Marla, I think you've made an excellent summary, thank you.

One key problem with discussing what's been happening in our culture is legitimate as well as bad faith confusion of labels vs concepts. Rather than discuss the concepts, some folks prefer to attack the labels in what I perceive to be a diversion tactic.

After several attempts ("political correctness", "successor ideology", "intersectionalism", "identitarianism", "wokism", "neo-progressivism"), I believe the best term for the ideology in question today is "Critical Social Justice Ideology", which I will abbreviate CSJI. It's descriptive, non-pejorative, and becoming recognized by both sides. The battle over labels, however, is illustrative.

The manifestation CSJI in the area of race is an example. People who have bothered to read Robin DiAngelo, Ibram X Kendi, Delgado and Stefancic, the 1619 project, etc tend to perceive, correctly in my view, a general sociopolitical framing shared by these sources. But what can one call that common thread, without listing a 14 syllable compound collection every time?

Many parents and critics wound up using "CRT" as a label of convenience for that whole political ideology of race, which they perceived as emerging in schools, workplaces and society.

Then other people attacked that, pointing out correctly that while Robin DiAngelo's work, Kendi's work, the 1619 project's framing, and such might have been partly inspired by CRT, technically they are not CRT per se - GOTCHA!!!

In my view, that latter was both technically correct, but more importantly a bad faith attempt to avoid discussing the real issues. There is little real and honest confusion about the socio-political framing being referenced, but one side can pretend that there's nothing to discuss because the other side is using "CRT" too loosely.

It's like responding to a citizen objecting to having a smelly sewer plant put in their neighborhood by saying "well, technically it's a primary pre-colloidal treatment plant, so your complaint is ignorant and we don't need to listen to it" (even though the plant will be smelly just as you say).

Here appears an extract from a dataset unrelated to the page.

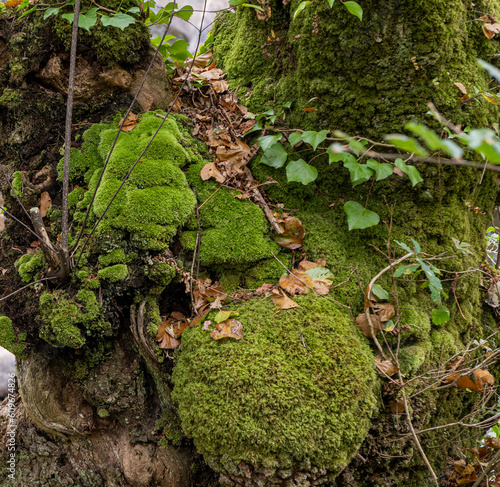 Dense forest in Brittany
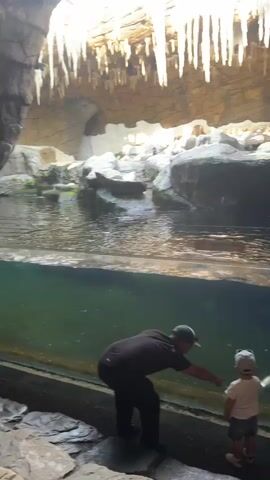 A man and a child are standing in front of a large aquarium exhibit. The exhibit appears to be designed to resemble a rocky, icy environment with water. The man is crouched down, gesturing towards the water, while the child stands beside him, looking intently. Below the water's surface, several penguins are swimming and interacting. One penguin is actively swimming underwater, while another appears to be jumping into the water from the surface. Above the water, on the rocky ledges of the exhibit, several penguins are standing. The exhibit also features icicle-like formations hanging from the ceiling.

It's using technical terminology to prevent honest engagement, not to facilitate it.

Of course, Critical Race Theory is an expansion upon the earlier Critical Legal Studies, developed beyond a legal theory of interest to some lawyers, into a political theory about the general role of race in society whose concepts (albeit unlabeled as such) should be taught in elementary schools - but the same side that want to be persnickety about the technical definition of CRT sometimes still pretends that CRT today is still merely a legal theory.

In that (often deliberately) confused semantic space, there is a functional need for a common label for communication about the thematically connected set of political perspectives about race. Rufo chose to use "CRT" for that label, broadening its colloquial usage beyond academic precisions to include relevant contemporary themes derived from DiAngelo, Kendi, Hanna-Jones - as well as CRT per se.

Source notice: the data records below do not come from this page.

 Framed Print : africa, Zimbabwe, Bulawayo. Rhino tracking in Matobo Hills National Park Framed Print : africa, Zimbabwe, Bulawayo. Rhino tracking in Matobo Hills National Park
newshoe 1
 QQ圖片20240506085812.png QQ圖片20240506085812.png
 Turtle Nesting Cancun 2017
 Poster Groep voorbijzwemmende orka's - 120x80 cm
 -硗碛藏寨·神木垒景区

If anybody has a better umbrella term than "CRT" to offer for those interwoven political threads, please do so. Until then, picking on the colloquial label for a real phenomenon for its academic imprecision serves largely to avoid engagement with the phenomenon itself.

If any readers think that having an umbrella terms makes it too difficult to discuss components of the asserted collection, please explain. I think we all know what's meant however, and can easily discuss Kendi per se within that umbrella when relevant.

If a parent at the podium says "I object to the way the school is teaching CRT as factual truth in classrooms", I think it's disingenuous to respond "You don't even understand the nuances of academic Critical Race Theory per se, so your critique can be dismissed as ignorance", rather than making a good faith attempt to address WHAT IS OBJECTIVELY BEING TAUGHT, regardless of the precision of the label.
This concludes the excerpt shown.